What is Marital Property?


January 21, 2013
By Bookspan Family Law Associates, LLC

Marital property or the marital estate includes all property acquired by either party during the marriage until time of separation. increases in value of certain non-marital property also may be part of the marital estate, but the rules regarding this are beyond the scope of this this entry. It is important to know what constitutes your marital estate because that is the whole of what gets divided subject to the Pennsylvania laws of equitable distribution.

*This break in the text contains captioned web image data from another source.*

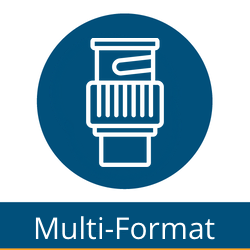 multi-format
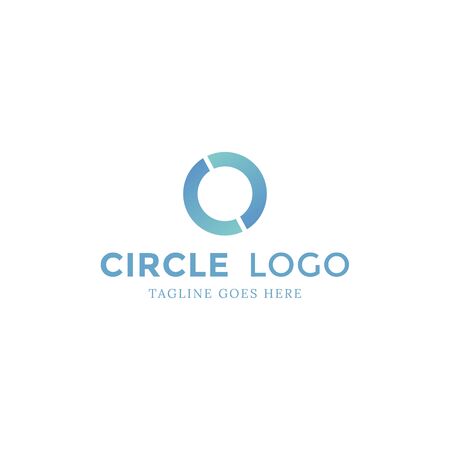 Circle logo for your best company&#xA;&#xA;- You can order custom logo to me, contact me at moh.sulhanbadri@gmail.com&#xA;Thank you for visiting.のイラスト素材
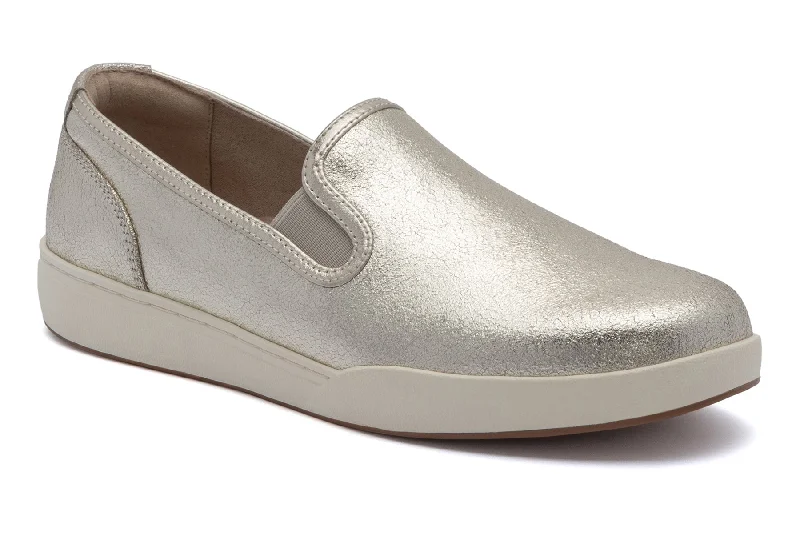 Stylish Casual Footwear Encore Slip On Metatarsal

There are different types of assets that fall into the general category of marital estate. Broadly these assets are: Financial this includes financial assets such as bank accounts, investments, such as stock and bond holdings; Personal Property such as, furniture, art, cars, and yes, pets; Real Property such as the family home any vacation home, time share or investment property; Retirement Benefits such as, a pension, IRA, 401Ks, profit sharing plan or any other deferred compensation plans;  and Business Interests

In Pennsylvania, as in most states, assets are divided equitably, which means in a fair manner. This could mean fifty/fifty (50/50), but not always. Depending upon the circumstances, one spouse may get a slightly different percentage, such as 55/45% or 60/40% . A range of circumstances determine the percentage proportion of equitable division.

When looking at the complete marital estate and property division, debts acquired during the marriage also must be considered. Common debts would include mortgages or other encumbrances on property, credit card debt, business loans, college loans, and other personal loans. Debt is not necessarily apportioned equally, and although debt acquired during marriage is marital, courts have discretion to apportion debt to the party most responsible.

Few life situations require such close attention as the analysis of the marital assets and a plan for division. It is important to fully share financial information with your attorney and to feel confident that your attorney understands your financial picture. if you do not already have a financial advisor or wealth manager, it may be advisable to initiate a relationship prior to divorce, and have that person assist in planning, as well. Fear of what the financial future will look like is a realistic and urgent concern for many facing divorce. Knowing your rights and working out a plan often helps to ease that fear.